– Григорья с Эмилем в передок посадим, у их обех ног нету, Максю с Васькой Макаровым по бокам, посередке Ванька Киричонок. – Ему непременно надо посередке, потому как вздремнет со хмеля и под фургончик свалится, тогда и ноги может лишиться дополнительно.
– Ты меня не трожь! – витийствовал Кириков, маленький шустрый мужичек без левой руки, но ловко запрягавший пару лошадей. – А то ведь я могу и поперед из района рвануть, вот тут поползете до дому, как фриц из Сталинградского капкана.
Ванька руки лишился под Сталинградом, в деревне уже обжился, после признания Сталинградской битвы поворотным сражением во всей войне он особенно оживился, будто сам лично замыкал кольцо и брал фельдмаршалов в плен. Бывший хороший тракторист, отлученный от любимой «колесянки», он долго привыкал к лошадям, смирился, но стал попивать. В деревне, где выпивали только по случаю, мужик навеселе среди недели скоро стал посмешищем, за ним, тридцатилетним, крепко привязалось обращение и старого и малого: Ванька Кирик, Киричонок. Деревня, у неё свои законы.
Комиссия в районной больнице с участием офицера военкомата, щеголя—капитана, проходила быстро. Максим только кивал в ответ на самые простые вопросы, но когда пожилая женщина из собеса спросила, где он работает, Максим растерялся:
– Был в колхозе, пока нет работы.

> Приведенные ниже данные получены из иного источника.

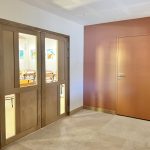 Travertine-effect tiles - Marjorie Meunier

Да я и на ногах-то плохо стою.
– На ноге, – уточнил хирург, – вторая нога у вас почти в порядке.
– На ней отсутствует икряная мышца, – приподняла очки терапевт.
– Ну, не совсем, – возразил хирург. И Максиму: – Ну-ка, пройдитесь.

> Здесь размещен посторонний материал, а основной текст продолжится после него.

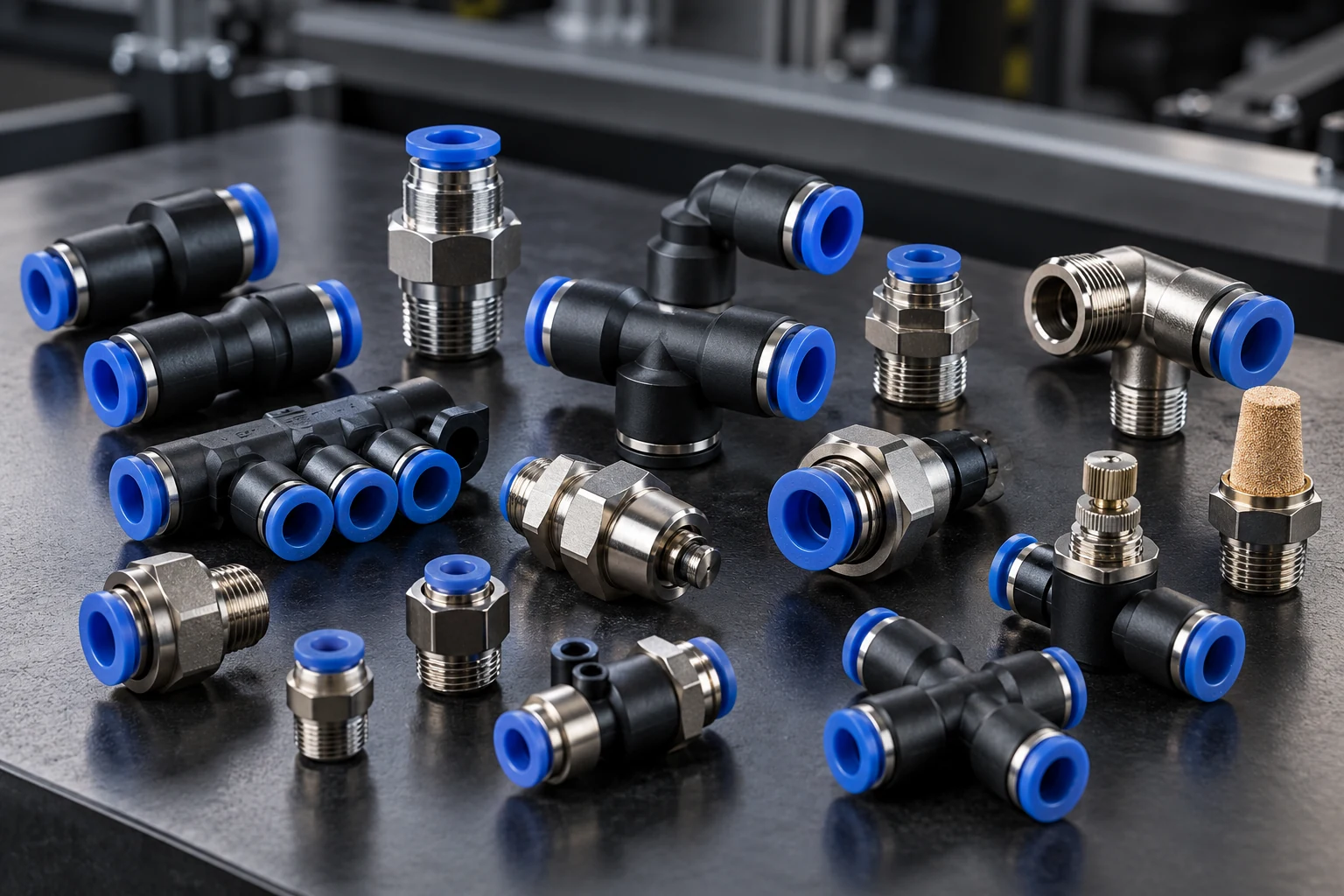 Pneumatic Fittings industrial components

Максим тяжело встал с табуретки, установил на крашеном полу деревяшку и сделал несколько шагов без костыля. Пересилив боль, он улыбнулся:
– Вот, помаленьку хожу.
– Можно дать третью группу, – повернувшись в их сторону, произнес офицер военкомата, до этого лепетавший с медсестрой регистрации.
– Он нетрудоспособен, Роман Дмитриевич, я за вторую.
– Нетрудоспособен, а, по моим сведениям, жениться собрался.
Максим хохотнул:
– Так оно, товарищ капитан, что для женитьбы необходимо, немец мне милостиво оставил, спасибо ему.
– Награды есть? – спросил капитан.
– Медалёшки, – равнодушно ответил Максим.
– Надо было воевать лучше, были бы ордена, – посоветовал капитан.
– Вот ты точно роты водил в рукопашную атаку! – резко выпалил Максим. – А я на продскладе винной бочкой себе ногу отдавил! Да ежели бы я херово воевал, ты бы сейчас в хромовые сапожки не заглядывал, как в зеркальце, а у бюргера свиней пас!
– Товарищ инвалид! Ведите себя! – капитан вскочил.
Максим продолжал сидеть, его била дрожь, пот залил глаза:
– Я пока еще только калека, инвалидом вы меня признавать не хотите, потому что за это копейку платить надо.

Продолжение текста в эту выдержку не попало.